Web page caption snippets

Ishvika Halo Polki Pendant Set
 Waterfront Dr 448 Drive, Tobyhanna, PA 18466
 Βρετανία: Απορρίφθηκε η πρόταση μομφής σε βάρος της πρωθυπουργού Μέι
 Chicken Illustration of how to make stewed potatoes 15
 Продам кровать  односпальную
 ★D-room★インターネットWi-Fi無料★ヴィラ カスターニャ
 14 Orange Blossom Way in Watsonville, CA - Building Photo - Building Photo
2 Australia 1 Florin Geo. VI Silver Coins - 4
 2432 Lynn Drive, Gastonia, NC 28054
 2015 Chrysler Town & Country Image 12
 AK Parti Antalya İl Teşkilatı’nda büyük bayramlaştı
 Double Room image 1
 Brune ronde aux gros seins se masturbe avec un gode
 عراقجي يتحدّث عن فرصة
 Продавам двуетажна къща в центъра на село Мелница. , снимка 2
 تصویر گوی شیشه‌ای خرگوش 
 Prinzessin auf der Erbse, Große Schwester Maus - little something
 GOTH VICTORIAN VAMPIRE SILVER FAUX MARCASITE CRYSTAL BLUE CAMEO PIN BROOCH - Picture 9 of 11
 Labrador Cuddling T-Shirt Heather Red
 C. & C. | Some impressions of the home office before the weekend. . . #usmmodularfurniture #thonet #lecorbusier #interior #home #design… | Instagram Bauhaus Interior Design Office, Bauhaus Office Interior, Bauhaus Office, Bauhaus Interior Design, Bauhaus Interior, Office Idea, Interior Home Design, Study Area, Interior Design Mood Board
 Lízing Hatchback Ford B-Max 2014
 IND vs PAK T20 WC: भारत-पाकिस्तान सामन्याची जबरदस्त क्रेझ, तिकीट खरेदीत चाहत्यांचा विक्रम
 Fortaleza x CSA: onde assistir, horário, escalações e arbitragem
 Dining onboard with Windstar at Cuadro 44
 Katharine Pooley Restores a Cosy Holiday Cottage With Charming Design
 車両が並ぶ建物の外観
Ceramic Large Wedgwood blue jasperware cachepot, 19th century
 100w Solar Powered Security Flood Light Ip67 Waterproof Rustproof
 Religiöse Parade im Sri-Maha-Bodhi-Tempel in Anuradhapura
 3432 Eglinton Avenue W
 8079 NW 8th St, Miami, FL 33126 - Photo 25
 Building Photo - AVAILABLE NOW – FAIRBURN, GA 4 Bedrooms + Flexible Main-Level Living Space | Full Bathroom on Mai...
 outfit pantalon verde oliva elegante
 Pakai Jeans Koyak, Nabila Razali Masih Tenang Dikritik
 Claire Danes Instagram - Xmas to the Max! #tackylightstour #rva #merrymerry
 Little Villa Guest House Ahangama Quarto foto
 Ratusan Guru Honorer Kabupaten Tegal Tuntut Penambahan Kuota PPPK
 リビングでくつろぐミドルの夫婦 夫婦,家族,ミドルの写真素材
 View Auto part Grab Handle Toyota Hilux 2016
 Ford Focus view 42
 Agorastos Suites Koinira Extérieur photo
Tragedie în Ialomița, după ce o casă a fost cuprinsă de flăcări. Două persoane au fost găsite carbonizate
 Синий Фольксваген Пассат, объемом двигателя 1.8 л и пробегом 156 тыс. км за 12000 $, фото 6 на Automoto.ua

WHAT IS NEEDED: Wherever "Building" occurs in the records above, copy the line it sits in.

SOLVED EXERCISE:
 14 Orange Blossom Way in Watsonville, CA - Building Photo - Building Photo
 Building Photo - AVAILABLE NOW – FAIRBURN, GA 4 Bedrooms + Flexible Main-Level Living Space | Full Bathroom on Mai...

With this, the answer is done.